What needs to be done>
All pictures are to be dropped, and the remaining data set down exactly.

>>>

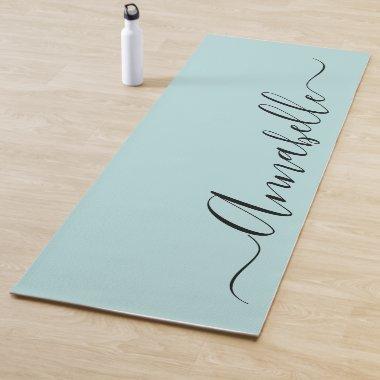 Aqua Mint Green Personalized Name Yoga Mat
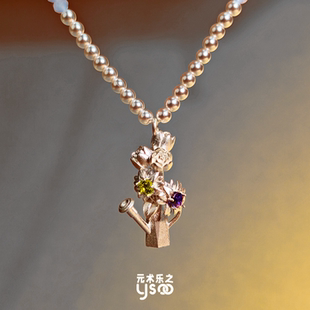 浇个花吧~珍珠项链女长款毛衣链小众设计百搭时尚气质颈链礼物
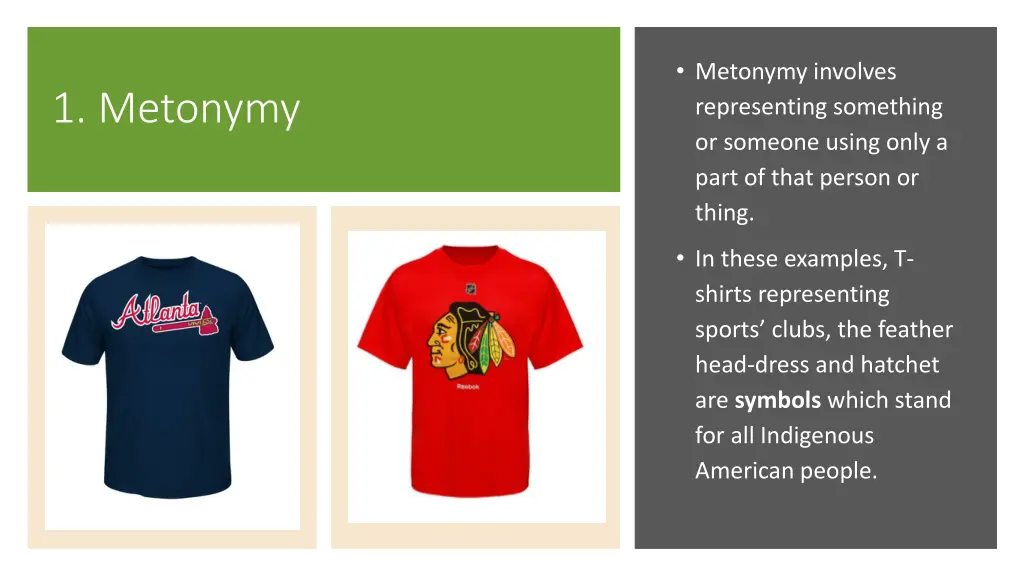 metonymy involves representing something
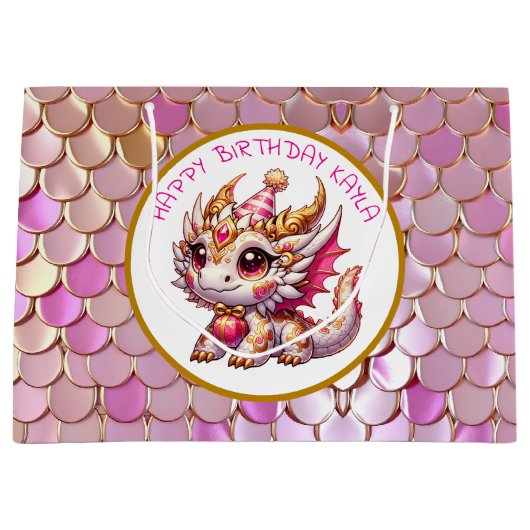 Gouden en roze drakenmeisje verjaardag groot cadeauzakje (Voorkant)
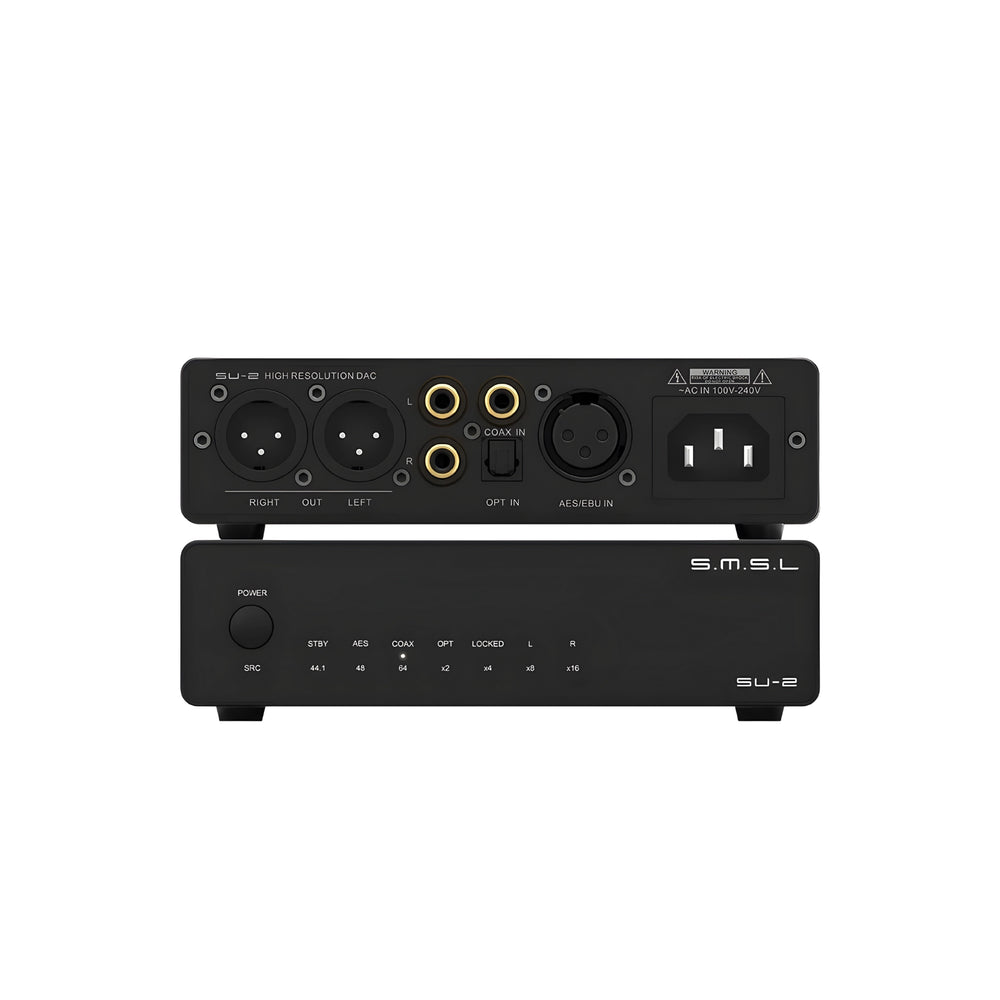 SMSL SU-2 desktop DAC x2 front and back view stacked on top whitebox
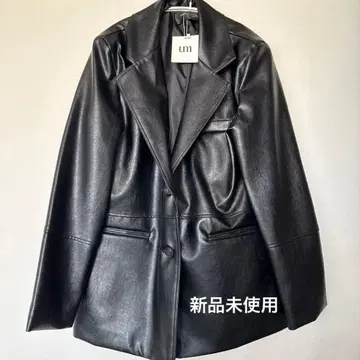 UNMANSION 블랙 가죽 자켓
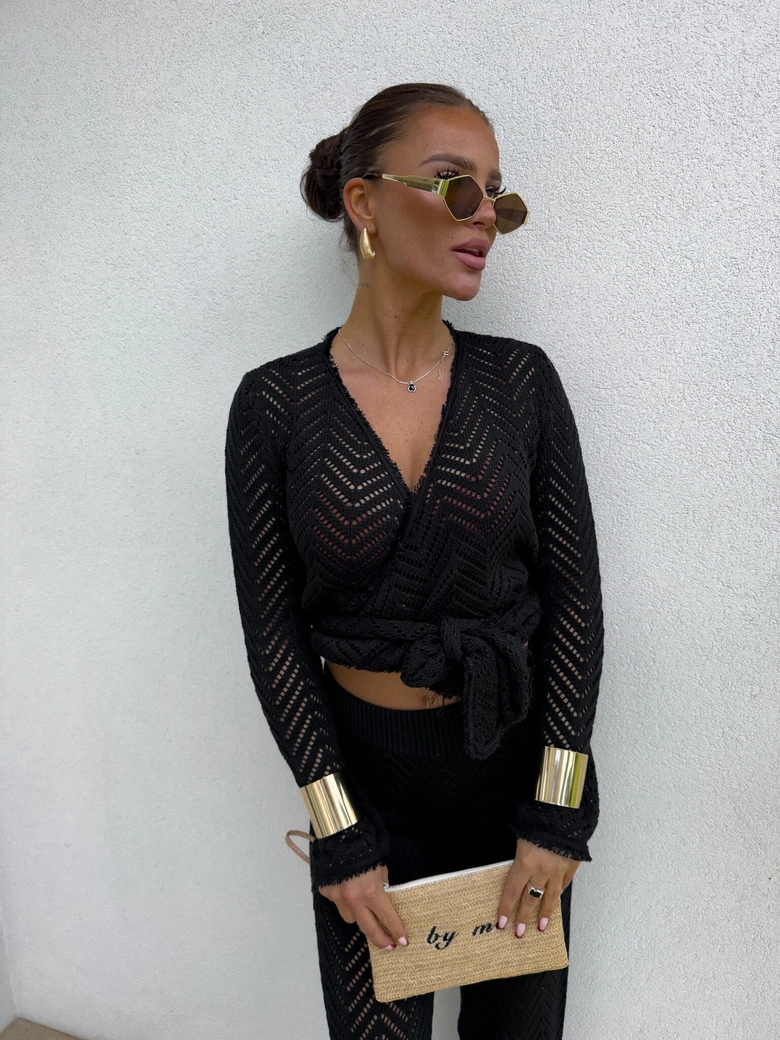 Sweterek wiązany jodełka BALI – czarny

<<<

Written answer>
 Aqua Mint Green Personalized Name Yoga Mat
 浇个花吧~珍珠项链女长款毛衣链小众设计百搭时尚气质颈链礼物
 metonymy involves representing something
 Gouden en roze drakenmeisje verjaardag groot cadeauzakje (Voorkant)
 SMSL SU-2 desktop DAC x2 front and back view stacked on top whitebox
 UNMANSION 블랙 가죽 자켓
 Sweterek wiązany jodełka BALI – czarny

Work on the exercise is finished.